The Boston Red Sox and newly fired GM Ben Cherington had a number of misfires over the last four years since previous GM Theo Epstein left for Chicago. But the team’s recent hiring of free agent GM Dave Dombrowski is one they finally got right.
Not that he won’t have his work cut out for him though.
As bad as Boston has been since Epstein skipped town and Cherington was put in charge—three last places in four years with a World Series title mixed in—it’s wasn’t due to lack of financial resources or talent. They just made some poor decisions. Let’s recount them.
1. Hiring Bobby Valentine to replace Terry Francona
Valentine hadn’t managed in the majors in nearly 10 years when Boston’s brain trust decided he was the one to take over for the popular—and very successful—Francona. But clearly there must have been good reason that such a smart and experienced guy like Valentine wasn’t wanted in anyone else’s dugout.
Despite a veteran team Valentine couldn’t put the pieces together and the Red Sox suffered through their worst season since 1965 with a 69–93 record. Valentine was released as soon as the year was over and hasn’t been heard from since.
2. Giving Pablo Sandoval and Hanley Ramírez Outlandish Contracts
Understand this: bringing in a costly free agent is always a risk. But it’s even more risky when that player/athlete is already battling weight issues.
The 5-foot-11, 255-pound Sandoval never looked like he was in great shape, but he got the job done—at the plate anyway—with a .294 career average as a Giant and a pair of All-Star selections.
With an opening at third base the Red Sox swooped in and gave the 28-year-old an outlandish five-year, $95 million deal that has not paid dividends in the least.
Sandoval is currently struggling at the plate with a .258 batting average and with his fielding numbers looking just as bad as his hitting numbers, the contract has quickly turned into an albatross—even worse than Ramírez’s.
The 31-year-old Ramírez, who has been rumored to be a less-than-great-teammate in previous stops with the Marlins and Dodgers, signed on for $88 million over four years. As if signing someone with character red flags past their 30th birthday for an obscene amount of money wasn’t enough, the Red Sox decided to add one more barrier to his success and have him play a new position—left field.

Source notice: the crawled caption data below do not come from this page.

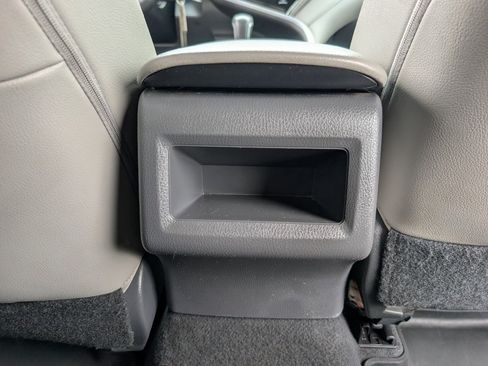 Used 2018 Toyota Camry SE FWD image 7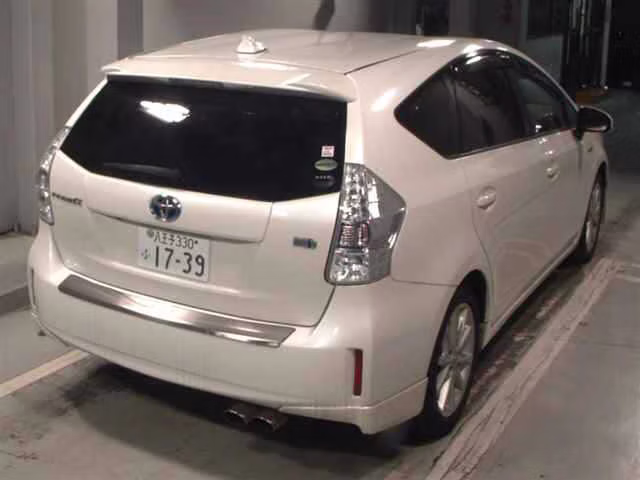TOYOTA PRIUS ALPHA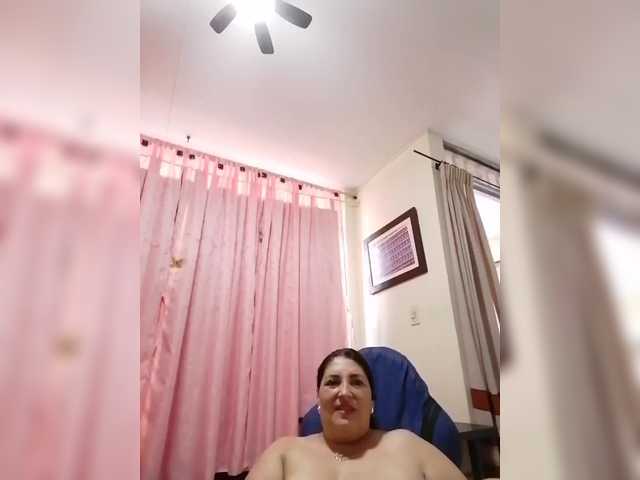 linamaria98's BongaCams show and profile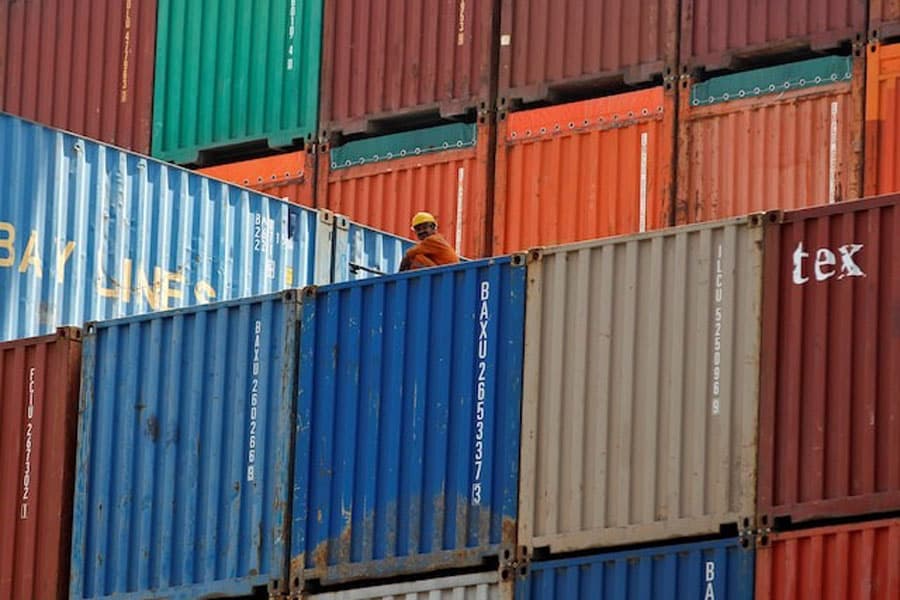 India trade deficit with China widens to record $99.2 bln amid dumping concerns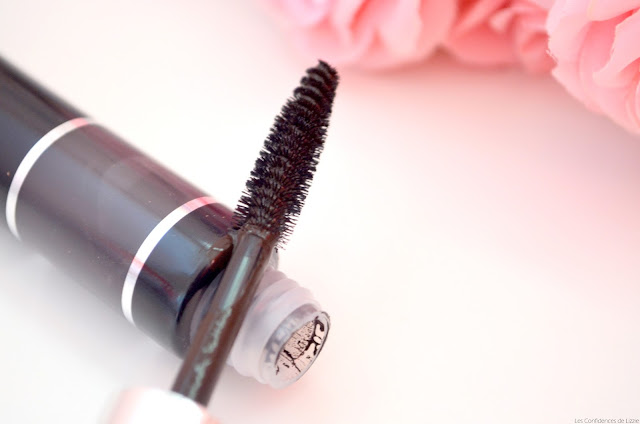 recouvrir-les-cheveux-avec-un-produit-de-maquillage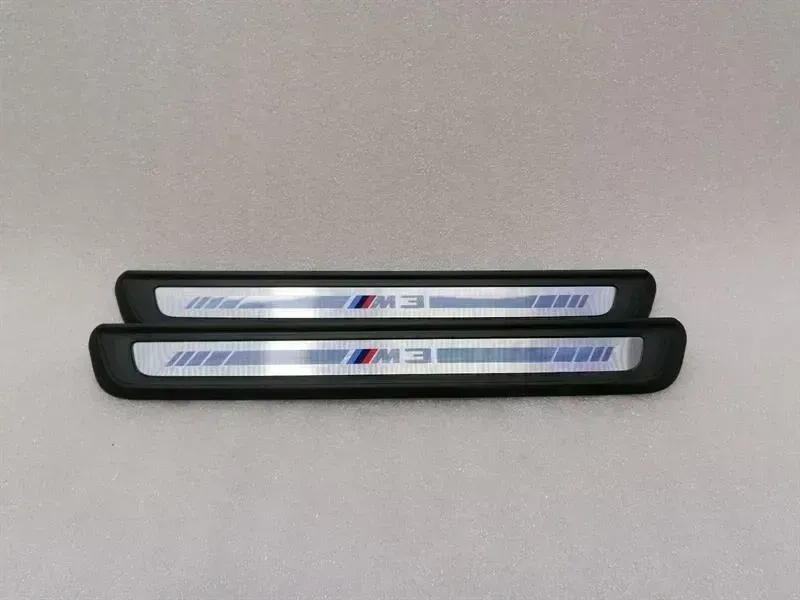 BMW 3 (G20 / G21) BMW 3 Series M3 G80 G20 Door Sill 8075021 Door Sill Trim Body type: Saloon
Fuel: Petrol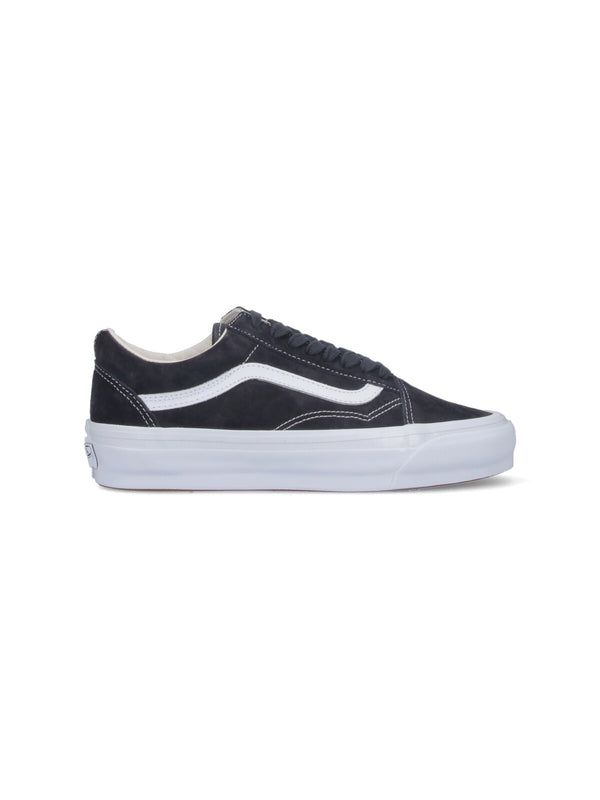 Vans Suede sneaker in black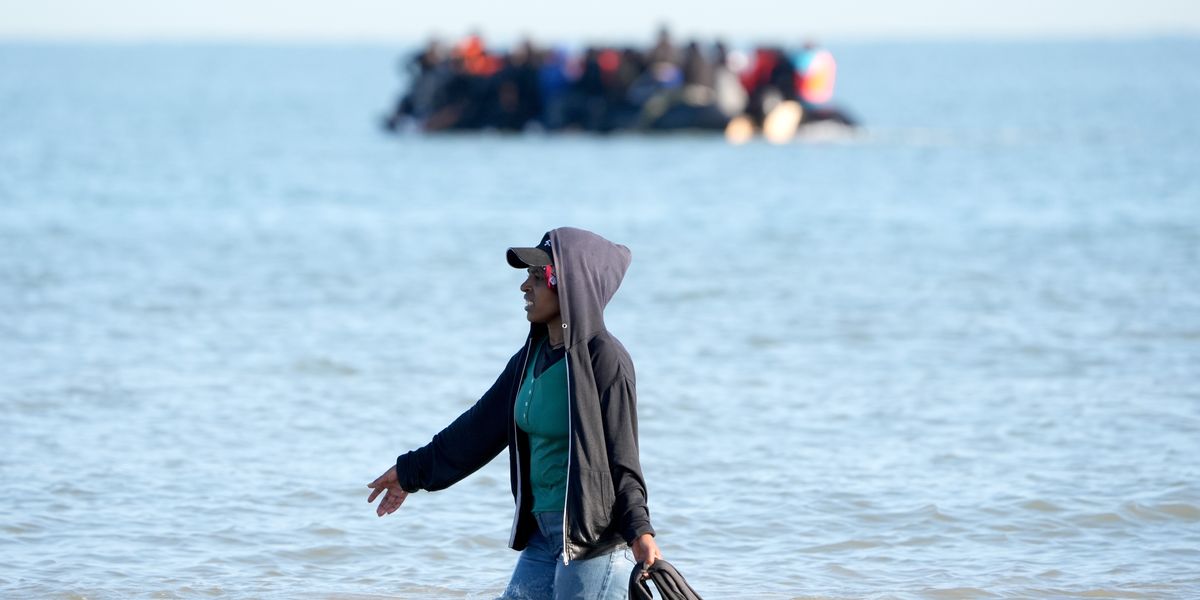 More than 2,000 migrants cross Channel in just a WEEK as French camps ‘like a warzone’ More than 2,000 migrants cross Channel in just a WEEK as French camps ‘like a warzone’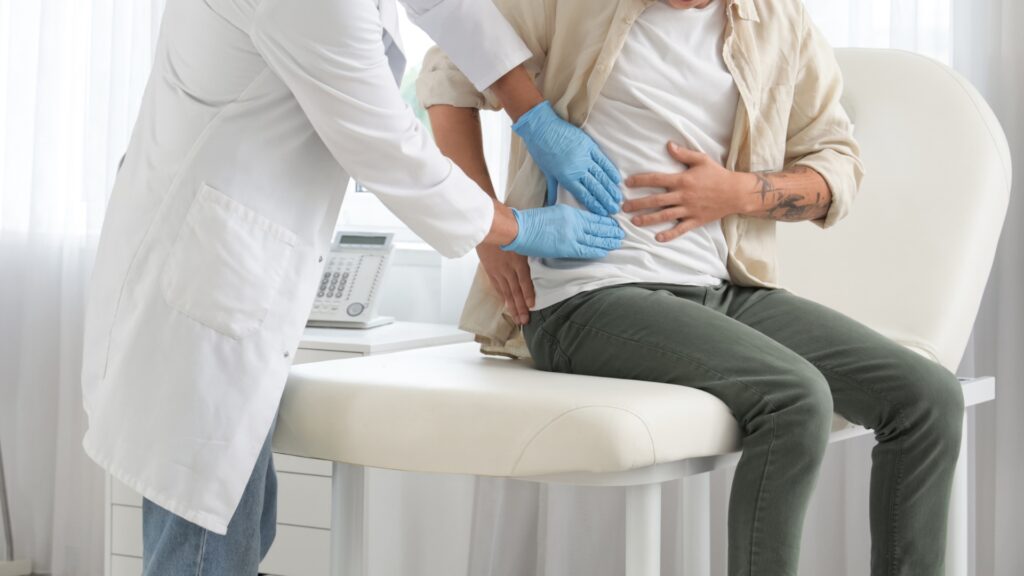 ¿Cuándo acudir al urólogo? Síntomas y prevención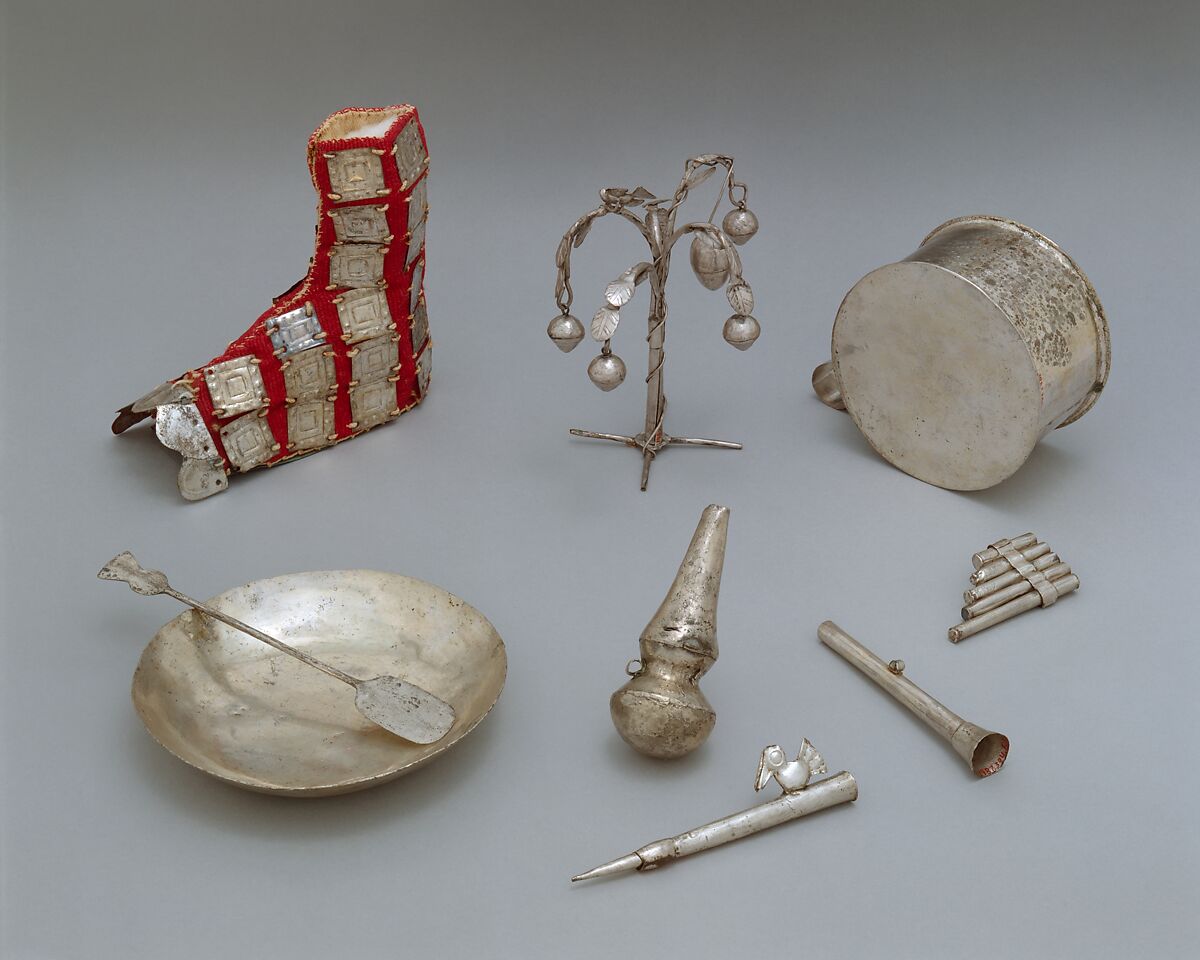 Slipper with Metal Ornaments, Metal (hammered), camelid hair, cotton, Chimú or Chancay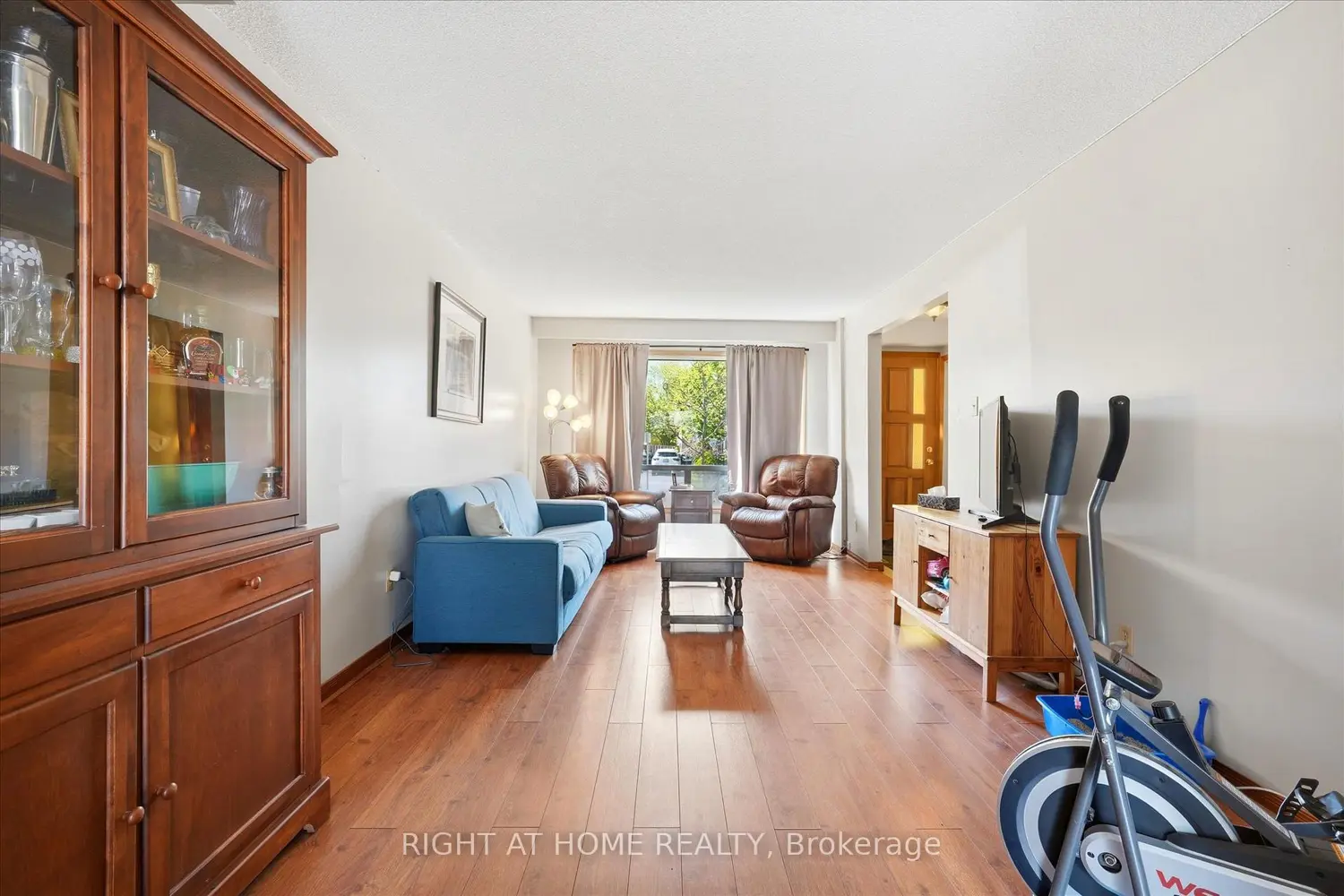 Additional image 5 of 100 Burbank Crescent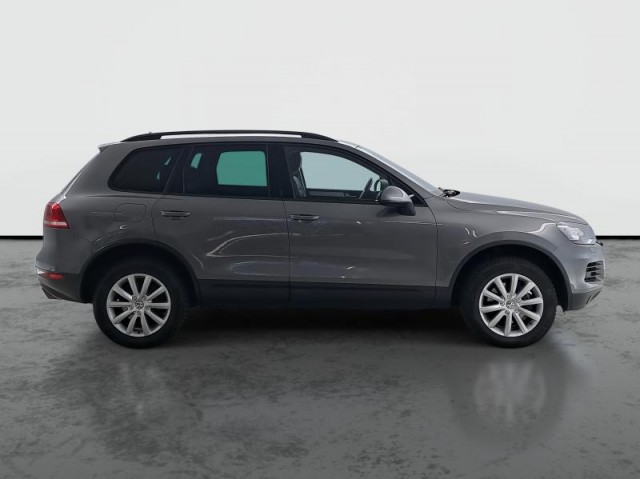 Volkswagen Touareg  3.0 TDI 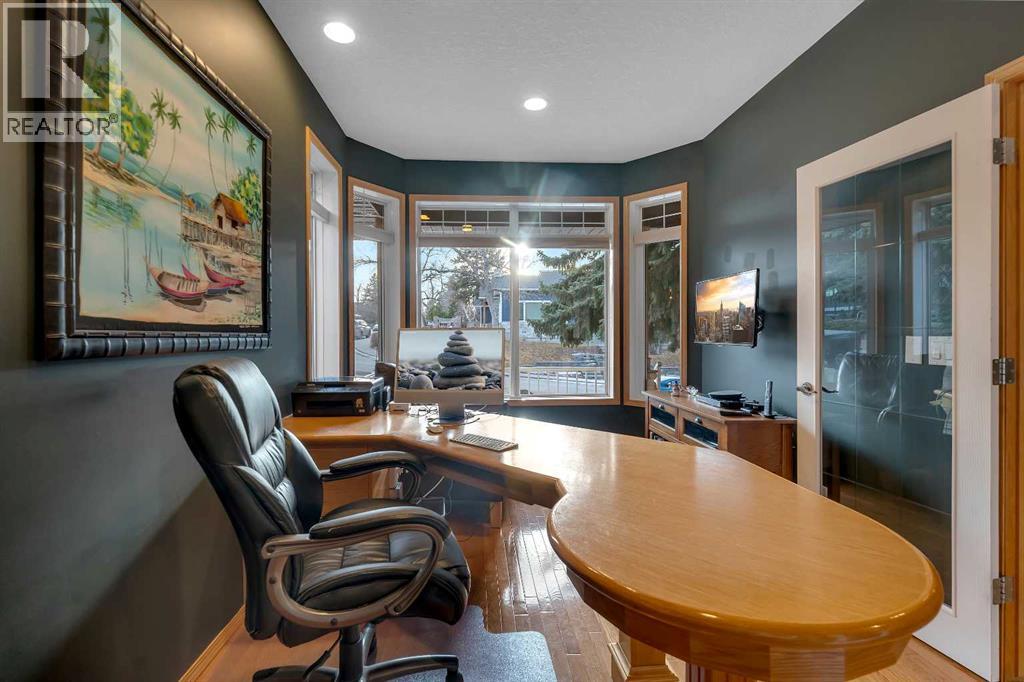 Single Family House for Sale in  Rosery Drive NW Rosemont Calgary 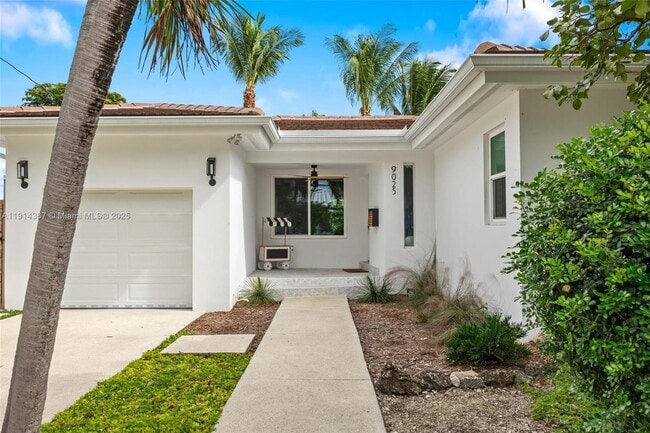 Primary Photo - 9025 Dickens Ave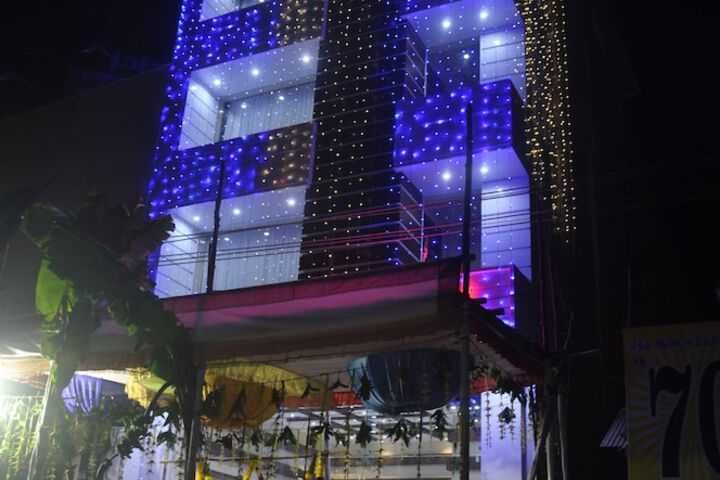 Hotel 2 of 8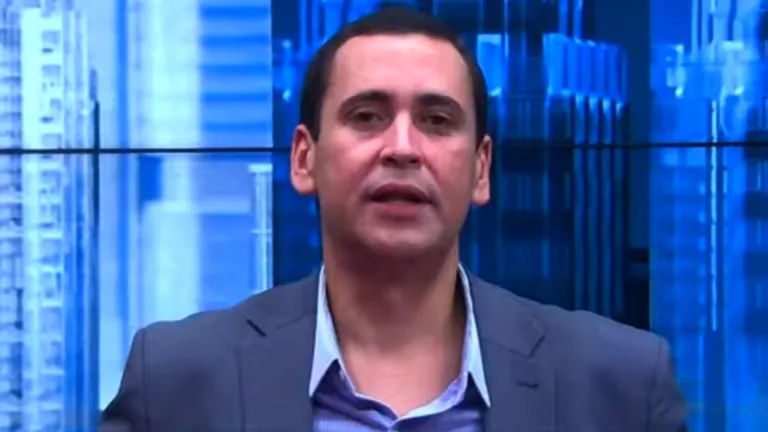Postura submissa de Flávio com EUA envergonha a própria direita, diz secretário do PT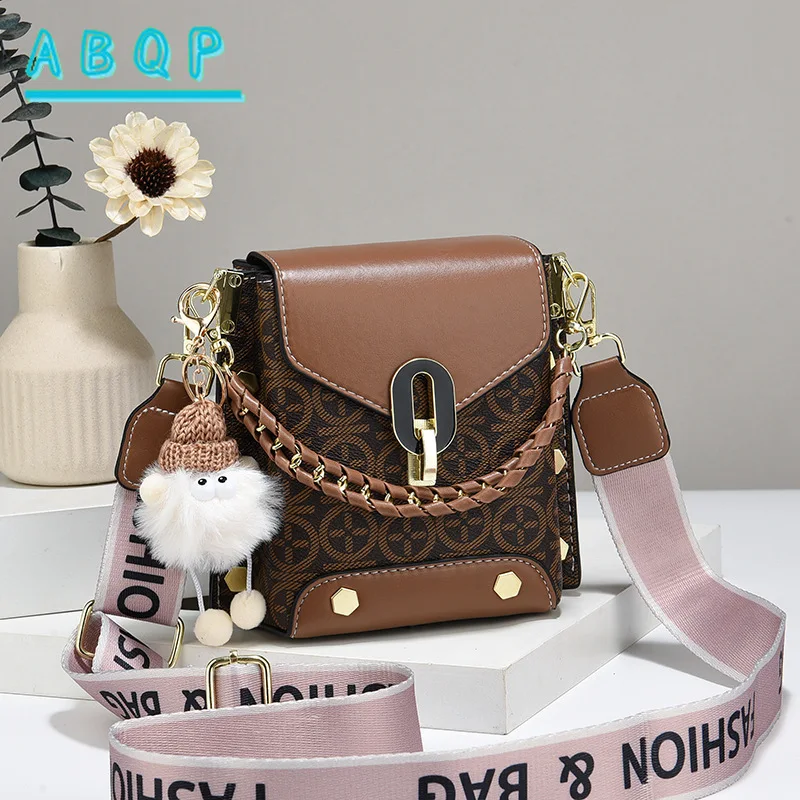 

New Women's Shoulder Bag Fashion Trend Mini Women's Shoulder Messenger Bag Cartoon Casual Mini Mobile Phone Bag High Quality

The experiment has failed terribly as the numbers suggest. Ramírez—who has previously only been an infielder in the majors—is one of the worst outfielders in the game. Meanwhile his hitting—which was the main reason they signed him—hasn’t come around. The former batting champion and MVP runner-up is hitting just .259, though he does have a somewhat-redeeming 19 home runs thus far. The whole package though is not worth $22 million a year.
3. Not Signing Jon Lester: Extending Rick Porcello
As if overpaying for both Ramírez and Sandoval wasn’t enough, the Red Sox were then out-bid in their attempt to sign Jon Lester—their former ace starter who was dealt at the 2014 trade deadline, and arguably the one player they needed the most. Instead the Epstein-led Cubs swooped in and signed him for $155 million over six years.
Without an ace on their roster, Boston accumulated a bunch of middle-of-the-rotation starters including Rick Porcello, who they got from Detroit (when Dombrowski was their GM) for slugger Yoenis Cespedes. The Red Sox then signed Porcello, who had an unimpressive career ERA of 4.30 heading into 2015, to a jaw-dropping four-year, $82.5 million extension (that starts in 2016) during the first week of the season. He’s responded with a year to forget: a 5–11 record with an ERA of 5.81.
Meanwhile Lester has a 8–9 record with a 3.58 ERA for the wild card-leading Cubs.